Eliminating all mistakes is really tough, like you said, and I agree that it is important to place your focus on the area that will have the greatest effect on your business. I think the idea of working smarter applies here. In your burger example, there’s no reason to focus on what type of straws your ordering (unless there is an incredible price difference) because, overall, this has a fairly small impact, if any impact at all, on the restaurant. I think sometimes it is just difficult for smaller companies to determine what is the MOST important thing; sometimes it feels like everything is the most important thing. Great post, Roger.

Roger Veliquette   |   28 March 2013   |   Reply

Kyle, thank you.
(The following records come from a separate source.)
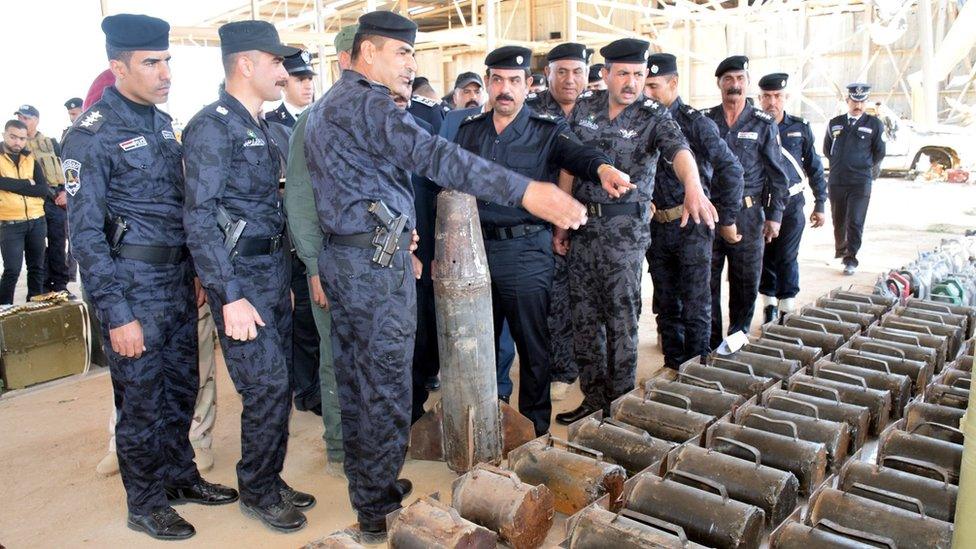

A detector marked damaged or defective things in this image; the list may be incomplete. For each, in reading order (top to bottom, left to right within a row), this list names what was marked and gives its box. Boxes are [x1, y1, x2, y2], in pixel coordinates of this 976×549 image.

rusted explosive device [410, 191, 536, 468]
rusted explosive device [386, 492, 496, 548]
rusted explosive device [452, 462, 552, 548]
rusted explosive device [508, 436, 628, 512]
rusted explosive device [568, 414, 676, 474]
rusted explosive device [564, 504, 708, 544]
rusted explosive device [612, 390, 712, 440]
rusted explosive device [620, 470, 768, 548]
rusted explosive device [672, 438, 800, 524]
rusted explosive device [704, 420, 828, 492]
rusted explosive device [740, 402, 848, 466]
rusted explosive device [764, 392, 868, 452]
rusted explosive device [768, 520, 896, 548]
rusted explosive device [784, 374, 892, 434]
rusted explosive device [812, 360, 912, 416]
rusted explosive device [808, 484, 952, 548]
rusted explosive device [836, 456, 956, 520]
rusted explosive device [876, 426, 960, 482]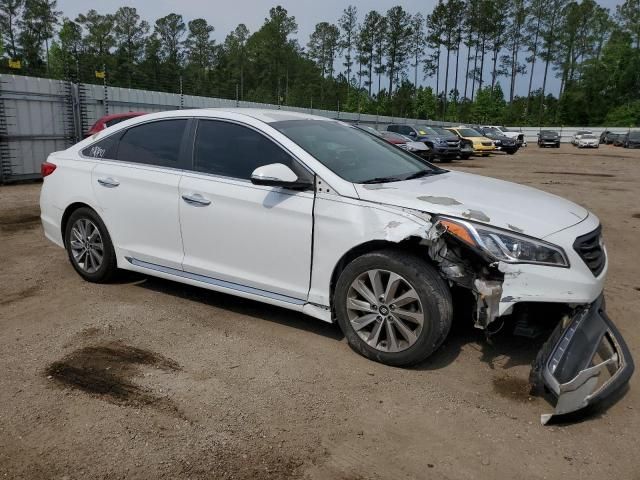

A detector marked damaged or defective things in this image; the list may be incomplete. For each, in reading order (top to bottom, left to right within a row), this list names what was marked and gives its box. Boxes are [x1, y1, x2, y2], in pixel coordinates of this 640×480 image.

damaged white car [41, 109, 636, 424]
broken headlight [438, 218, 568, 266]
detached front bumper cover [532, 296, 632, 424]
crumpled front end [528, 296, 636, 424]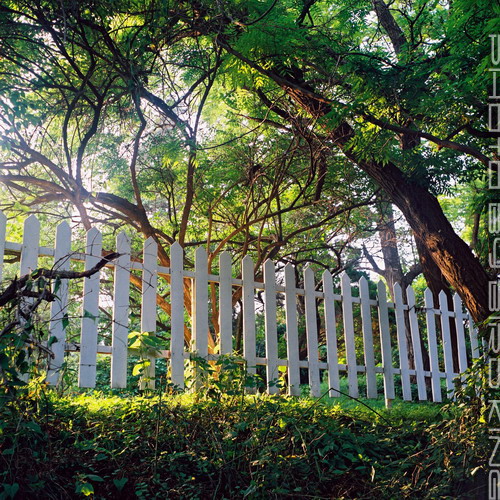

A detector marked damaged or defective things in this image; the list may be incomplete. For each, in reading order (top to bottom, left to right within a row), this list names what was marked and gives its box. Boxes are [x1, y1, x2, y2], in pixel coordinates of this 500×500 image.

peeling white paint on fence [1, 213, 482, 404]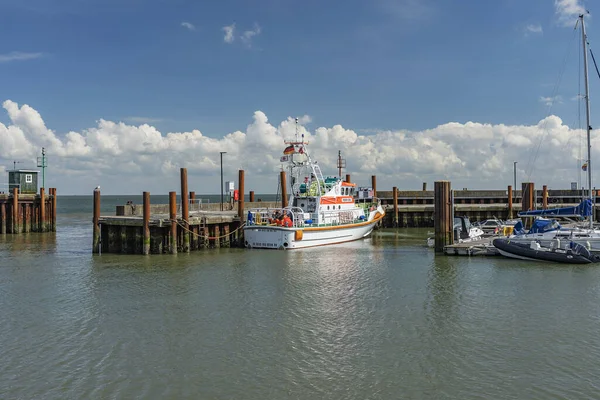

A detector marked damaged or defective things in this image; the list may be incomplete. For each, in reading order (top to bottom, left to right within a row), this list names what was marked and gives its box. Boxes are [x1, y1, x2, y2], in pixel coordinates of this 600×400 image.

brown rusty piling [434, 182, 452, 253]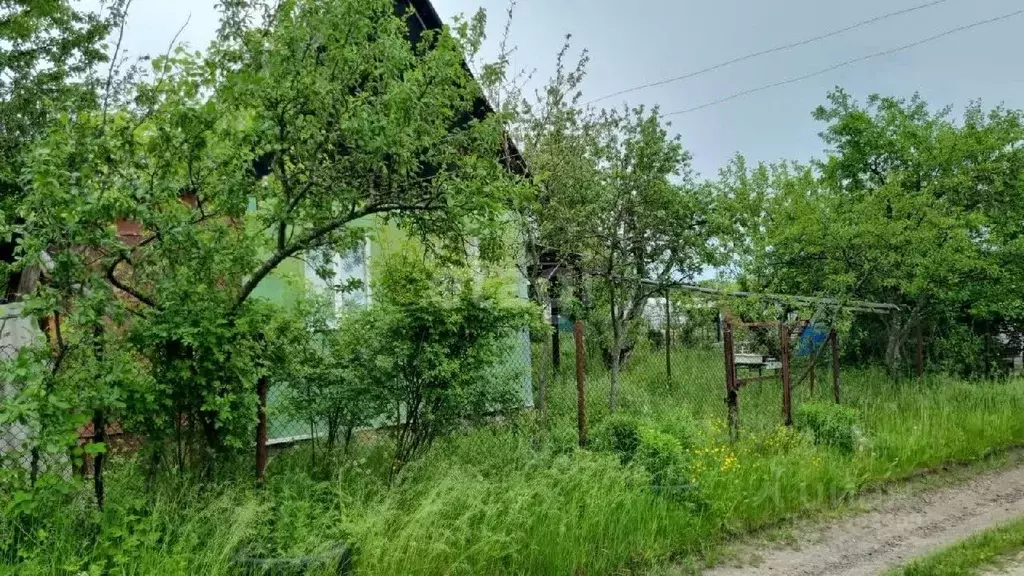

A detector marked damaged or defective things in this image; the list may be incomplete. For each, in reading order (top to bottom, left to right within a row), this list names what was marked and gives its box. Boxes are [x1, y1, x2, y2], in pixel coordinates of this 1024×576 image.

rusty metal pole [573, 319, 589, 446]
rusty metal pole [720, 317, 737, 438]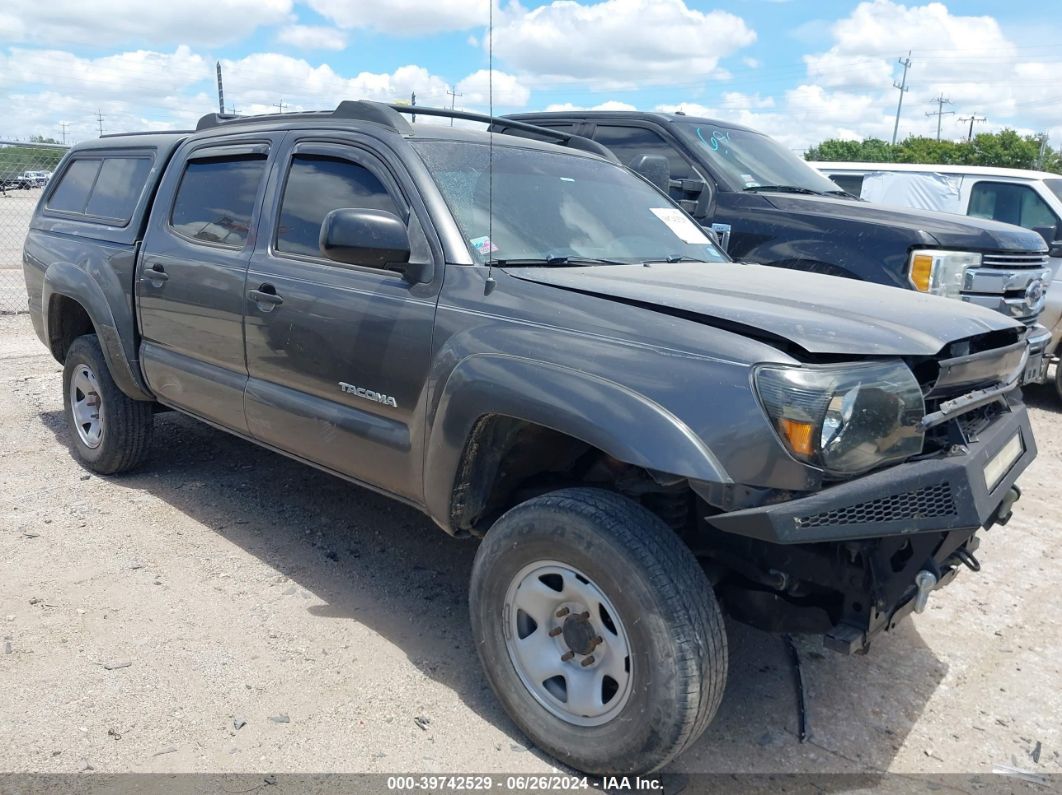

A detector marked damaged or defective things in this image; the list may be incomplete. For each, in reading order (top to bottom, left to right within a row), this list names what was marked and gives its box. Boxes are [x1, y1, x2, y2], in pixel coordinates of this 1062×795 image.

crumpled hood [764, 192, 1045, 251]
crumpled hood [509, 260, 1023, 356]
damaged bumper [700, 403, 1032, 547]
damaged front end [696, 329, 1036, 649]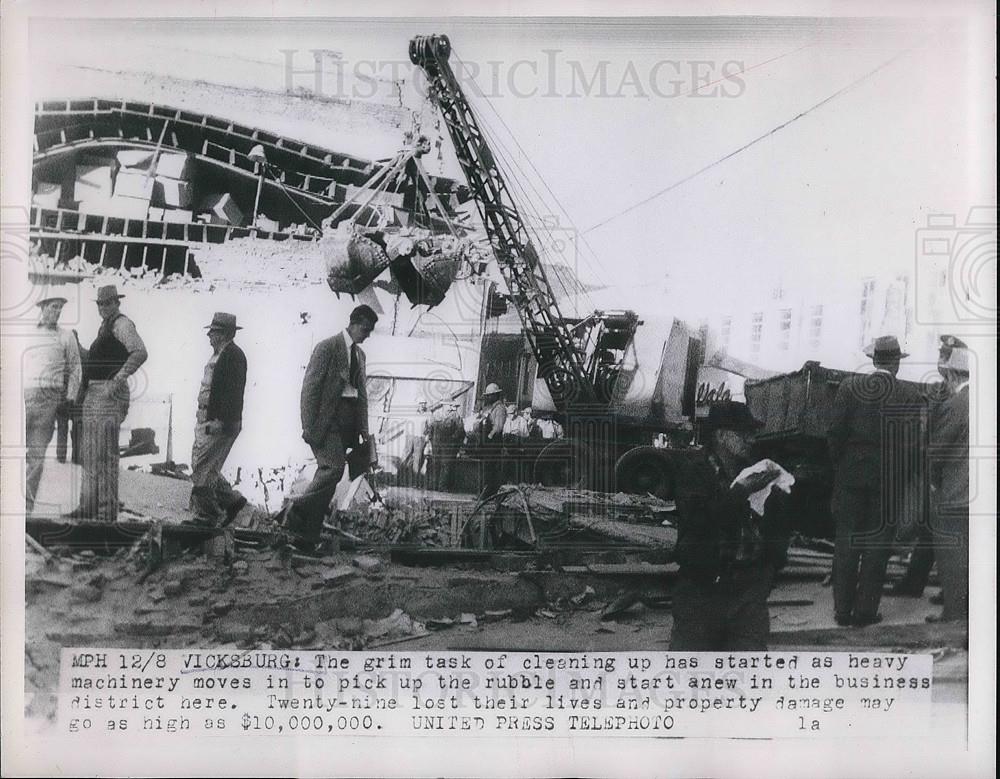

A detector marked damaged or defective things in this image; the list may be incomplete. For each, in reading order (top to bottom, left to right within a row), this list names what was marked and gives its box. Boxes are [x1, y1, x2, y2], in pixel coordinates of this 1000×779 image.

broken concrete block [156, 152, 193, 179]
broken concrete block [32, 181, 62, 209]
broken concrete block [74, 162, 114, 203]
broken concrete block [114, 171, 155, 201]
broken concrete block [152, 177, 193, 209]
broken concrete block [198, 193, 245, 227]
broken concrete block [352, 556, 382, 576]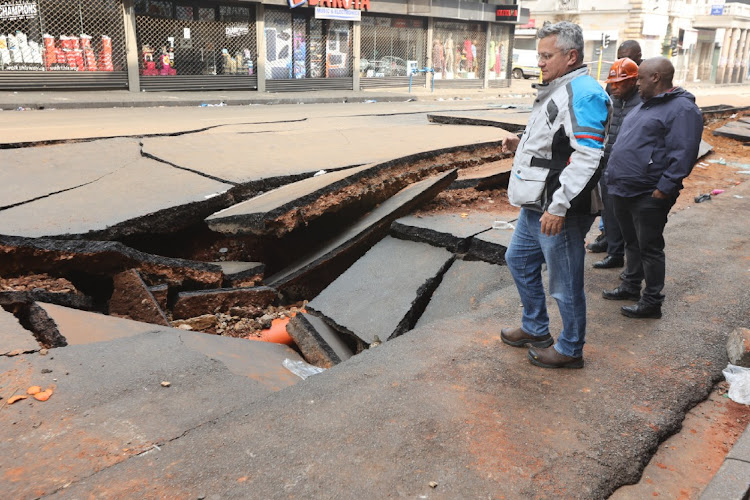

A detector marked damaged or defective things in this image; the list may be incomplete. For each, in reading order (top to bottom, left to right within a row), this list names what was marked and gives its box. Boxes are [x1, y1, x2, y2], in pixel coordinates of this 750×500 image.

broken asphalt slab [1, 314, 306, 498]
broken asphalt slab [268, 168, 462, 300]
damaged pavement [1, 103, 750, 498]
broken asphalt slab [308, 235, 456, 344]
broken asphalt slab [32, 181, 750, 500]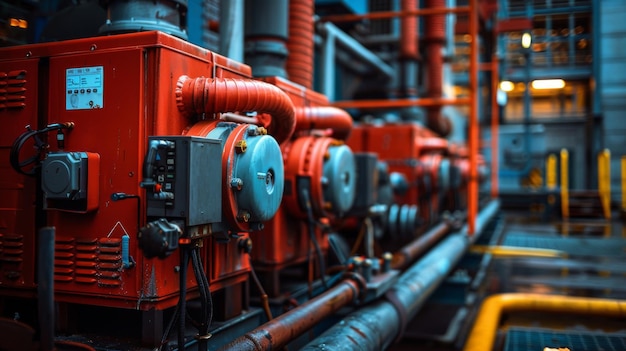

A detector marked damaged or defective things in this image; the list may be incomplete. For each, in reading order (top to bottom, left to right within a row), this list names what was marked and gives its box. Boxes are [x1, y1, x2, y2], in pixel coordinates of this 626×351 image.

rusty pipe [286, 0, 314, 89]
rusty pipe [400, 0, 420, 60]
rusty pipe [173, 76, 294, 144]
rusty pipe [296, 106, 354, 140]
rusty pipe [219, 280, 360, 350]
rusty pipe [460, 294, 624, 351]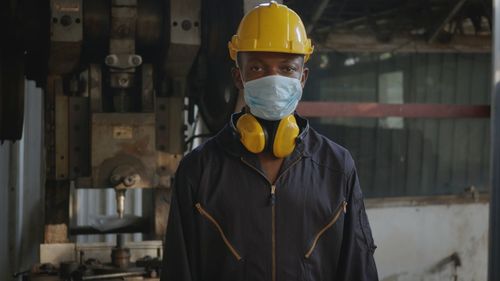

I can tell that we see eye-to-eye on this. And, you are right about the inherent challenge. The tough part for many of us is to determine which items fall in the category of the burgers on the flattop. As you said, it can feel like everything falls in that category and that’s where we can stumble. It’s because too often we are seduced by aspects of the business that have more appeal than the fundamentals. As a coach, there were a lot of other details that were more appealing to consider than blocking and tackling. But, even with experienced players who had been blocking and tackling for years, it still paid dividends to emphasize execution on the fundamentals. Without them, the X’s and O’s have no meaning.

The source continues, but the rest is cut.